> [WHAT THIS TASK INVOLVES]:
For the entries that follow, retype exactly the lines from the one containing "Snapshot of Lunamytrend" to the one containing "Miguel Angel Munoz", inclusive, and only those. Images stay out of the copy.

> [DATA FOR THIS EXERCISE]:

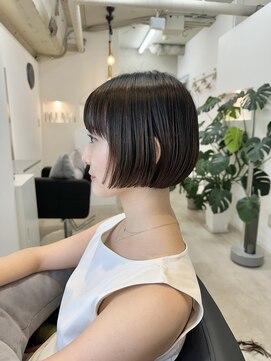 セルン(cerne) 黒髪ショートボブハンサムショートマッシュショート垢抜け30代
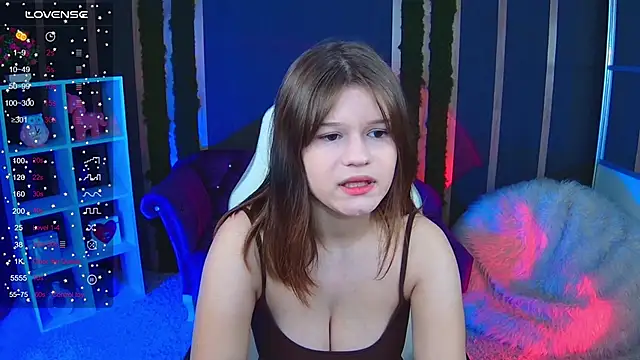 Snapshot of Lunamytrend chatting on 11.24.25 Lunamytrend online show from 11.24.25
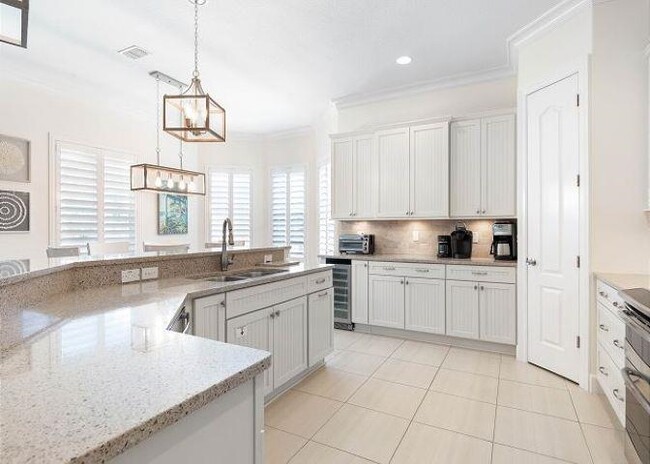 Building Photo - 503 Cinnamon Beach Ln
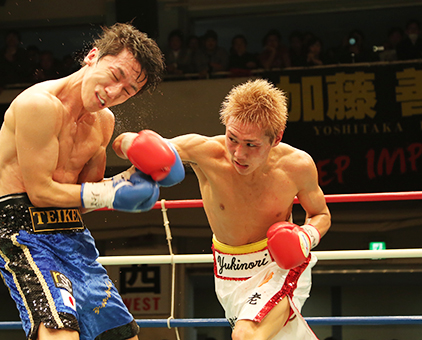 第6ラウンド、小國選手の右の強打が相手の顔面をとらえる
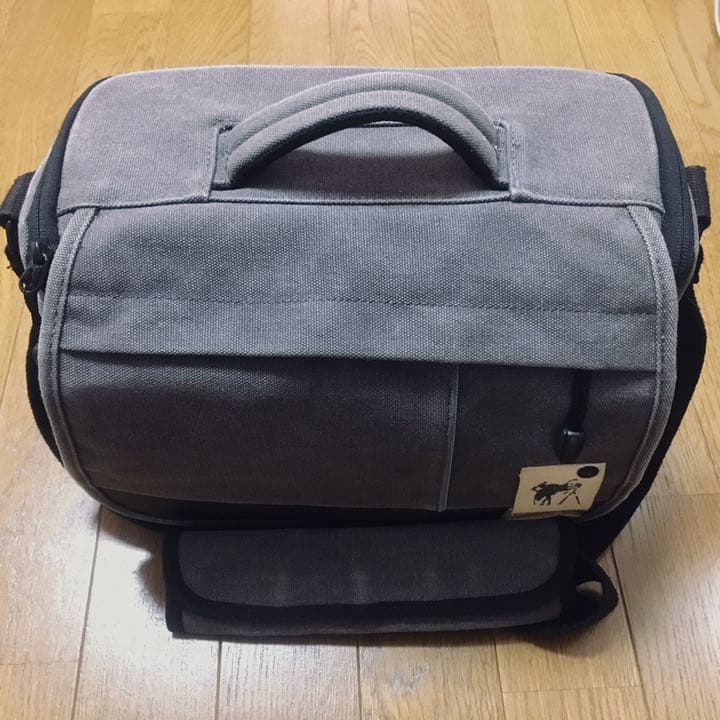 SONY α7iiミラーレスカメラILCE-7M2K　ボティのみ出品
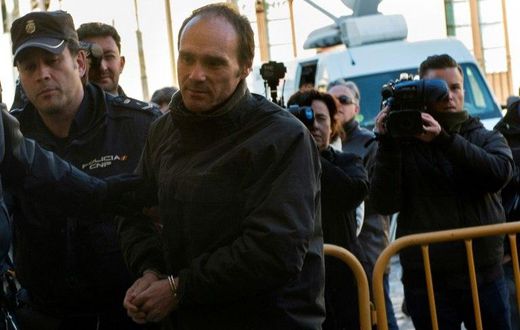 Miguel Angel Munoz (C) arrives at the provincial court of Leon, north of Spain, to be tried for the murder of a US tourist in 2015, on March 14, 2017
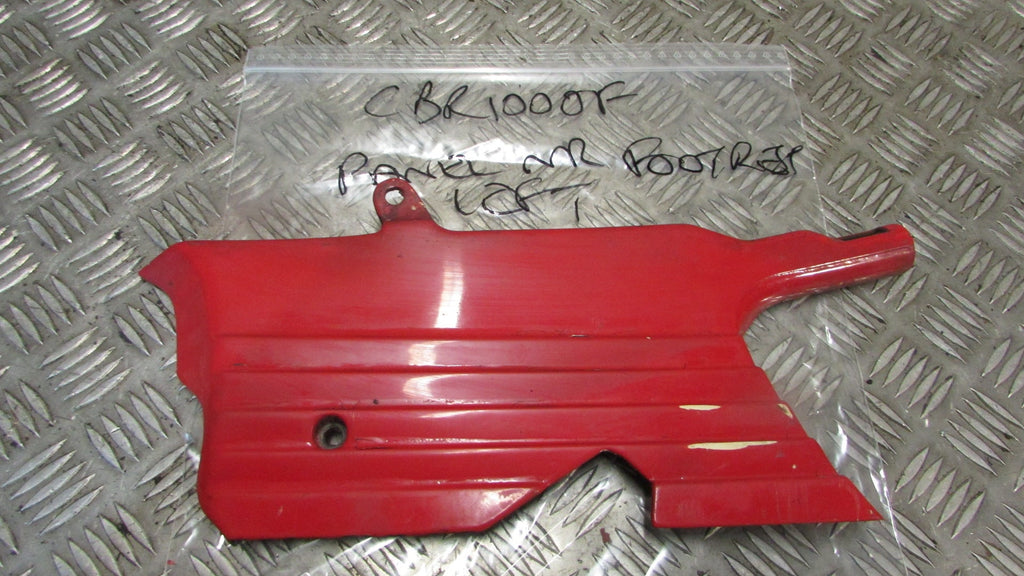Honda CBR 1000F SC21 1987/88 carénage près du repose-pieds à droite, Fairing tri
---
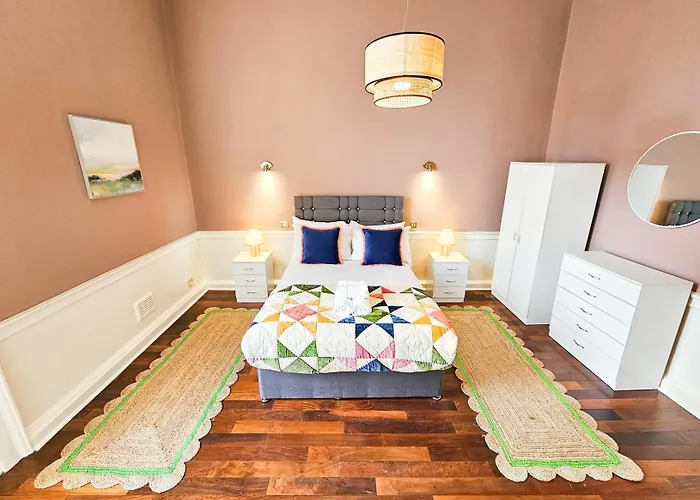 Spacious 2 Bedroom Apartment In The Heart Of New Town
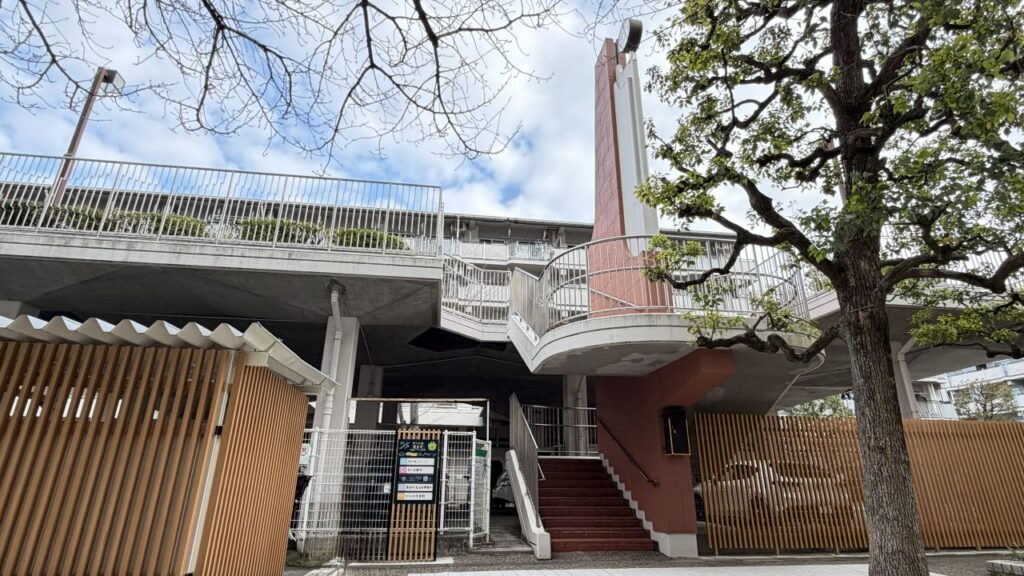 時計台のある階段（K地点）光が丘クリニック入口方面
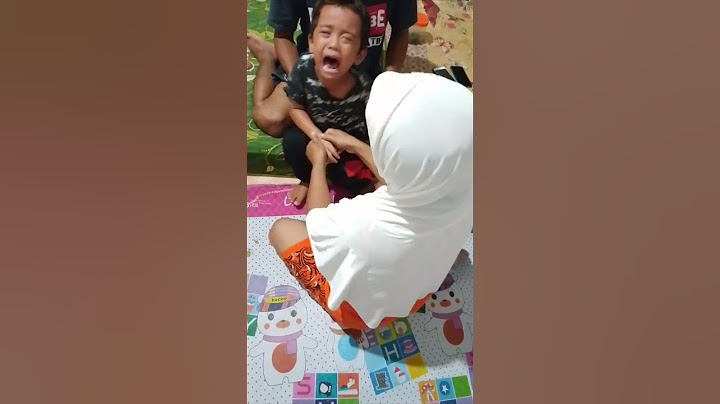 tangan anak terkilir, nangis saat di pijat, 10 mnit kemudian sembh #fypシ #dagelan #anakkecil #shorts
* * *
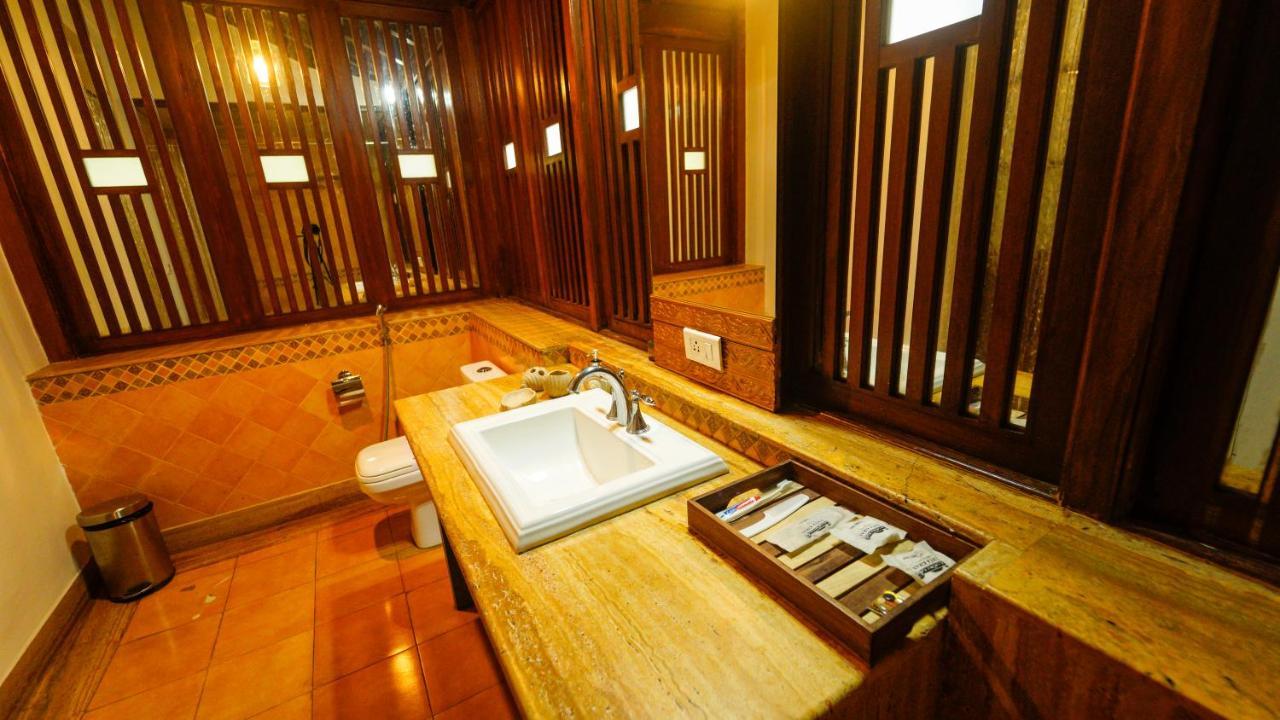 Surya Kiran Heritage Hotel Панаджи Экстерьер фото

> [EXERCISE OUTPUT]:
 Snapshot of Lunamytrend chatting on 11.24.25 Lunamytrend online show from 11.24.25
 Building Photo - 503 Cinnamon Beach Ln
 第6ラウンド、小國選手の右の強打が相手の顔面をとらえる
 SONY α7iiミラーレスカメラILCE-7M2K　ボティのみ出品
 Miguel Angel Munoz (C) arrives at the provincial court of Leon, north of Spain, to be tried for the murder of a US tourist in 2015, on March 14, 2017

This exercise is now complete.